General information
- Type: Monoplane
- National origin: United States
- Designer: Mike Arnold
- Built by: David Hoover, Mike Arnold, Craig Catto, Robby Grove, Steve Hill
- Primary user: Private
- Number built: 1

History
- First flight: March 11, 2005
- Developed from: Arnold AR-5

= Arnold AR-6 =

Aircraft Model

The Arnold AR-6 is a single seat low wing monoplane racing aircraft.

== Development ==
Designed by Mike Arnold, who also created the fuselage plug. Mike is known for his original record-setting AR-5 and accompanying video series.

=== Design ===
The AR-6 is a one of a kind racing aircraft built primarily of composite materials, Including extensive use of carbon fiber.
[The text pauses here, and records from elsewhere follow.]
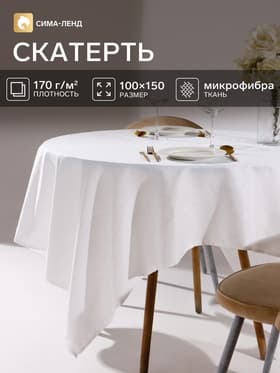 Скатерть DomoVita, 100×150 см, жаккард, микрофибра, рисунок МИКС, белая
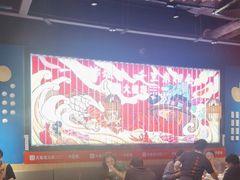-大龙燚火锅(天安云谷店)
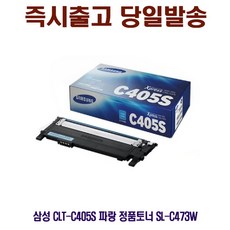 2757c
Powered by a Continental O-200 Engine, built to compete in the Formula One category at the Reno Air Races. It was designed to comply with the "Formula" Rules, which limit engine displacement, propeller type, wing area, minimum aircraft weight, and landing gear type. The Aircraft is also Eligible for International Air Racing.

== Racing career ==
"Endeavor" was originally built and raced by David Hoover, and first flew on March 11, 2005. The aircraft, piloted by Hoover, placed first in the Formula One Gold event in 2007.

The aircraft was later sold to Steve Senegal, who placed First in Gold 2008, 2010, 2012, 2014, and 2015.
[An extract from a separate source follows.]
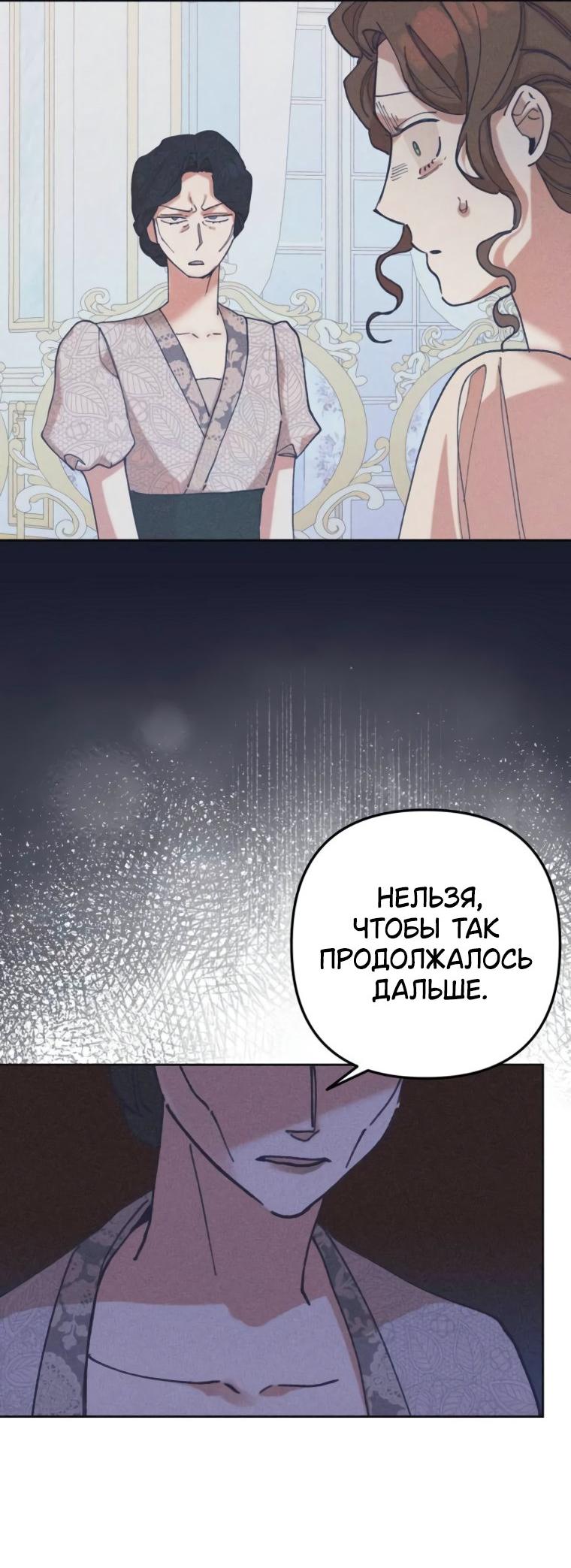 Манга Элегантная Обри - Глава 43 Страница 13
While qualifying for the 2014 Reno Races, AR-6 "Endeavor" piloted by Senegal, set the IF1 record of 267.289 mph flying the 3.1875 mile oval track in 42.931 seconds.
Prior to this, Senegal set the race heat record of 260.775mph on Wednesday, September 12, 2012.

=== Incidents ===
The aircraft was damaged in an air racing accident during the 2016 Reno Air Races. It was subsequently repaired.